NINCH guide home interview table of contents previous interview next interview
HATII interviewed Lee Ellen Friedland, Senior Digital Conservation Specialist at the Preservation Reformatting Division of the Library of Congress, on September 21 2000. The particular aim of the Division’s Preservation Digital Reformatting Program, is to preserve fragile or unstable materials, while also enabling them to be accessed, without further endangering their longevity. The Program therefore began the process of creating facsimiles, whether in the form of microfilm, paper copies or digital reproductions.

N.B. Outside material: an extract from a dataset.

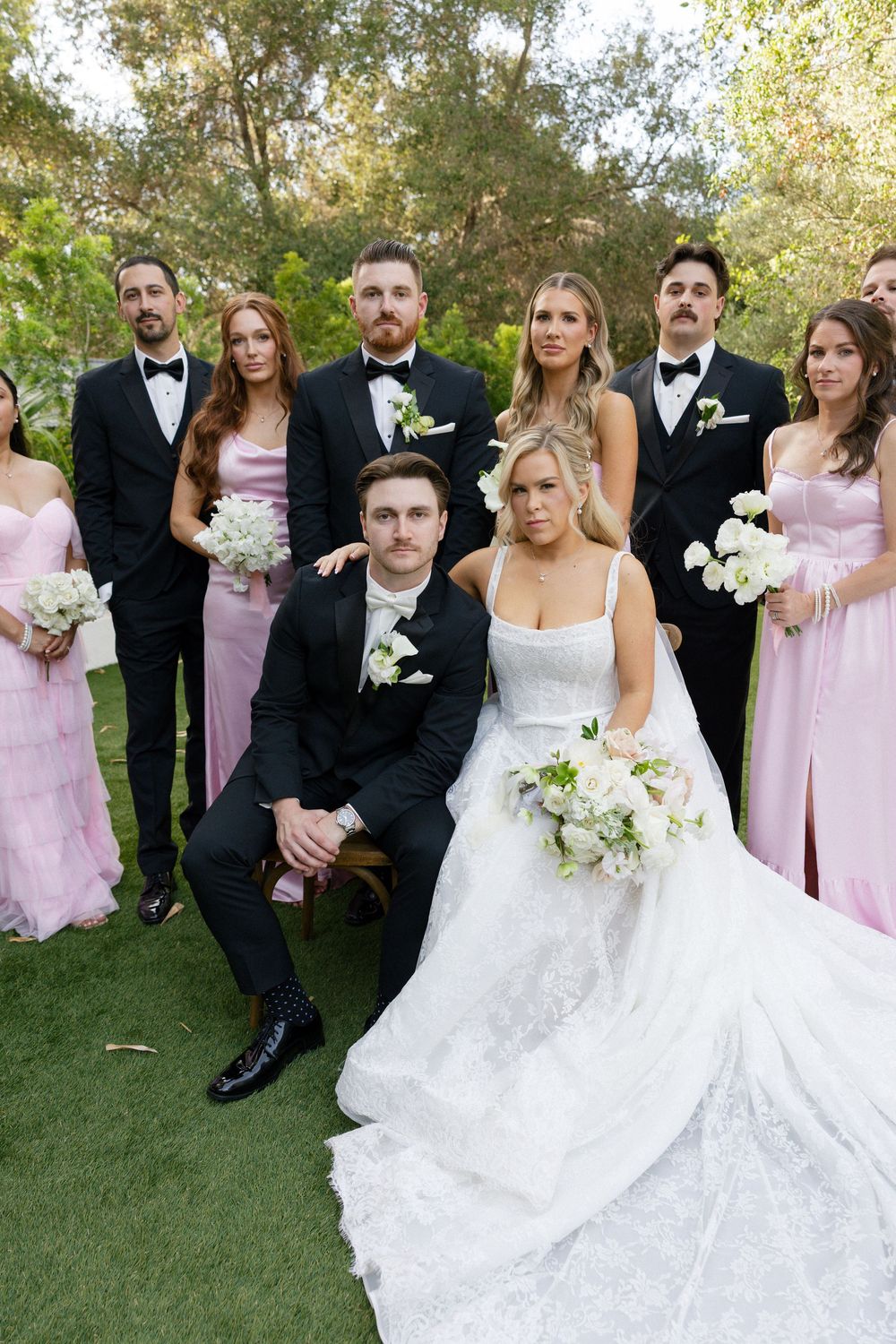 Elegant wedding party portrait outdoors with bride and groom seated, surrounded by bridesmaids in pink gowns and groomsmen in black tuxedos.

The Preservation Reformatting Division’s digitization strategy developed from a need to incorporate digital technology into the preservation reformatting program. The program tapped into the annual collection surveys undertaken by divisions throughout the Library, which nominates material for preservation. As collection surveys are carried out across the Library of Congress, the whole institution is aware of this process and staff are involved. The curatorial and collection management staff in each Division carry out each survey. A lesson learnt in this process was to issue guidelines for selection criteria.
The collection surveys are used to establish priorities for digitizing holdings. The selection criterion establishes which material is most appropriate for analog v. digital preservation. The division makes these decisions and a workplan is then devised, based on these criteria. These priorities are formalized in a strategic policy statement, which was based on that for preservation microfilm and photocopying. The Senior Digital Conversion Specialist and ultimately the Division Chief, who has to manage the budget, approve these decisions.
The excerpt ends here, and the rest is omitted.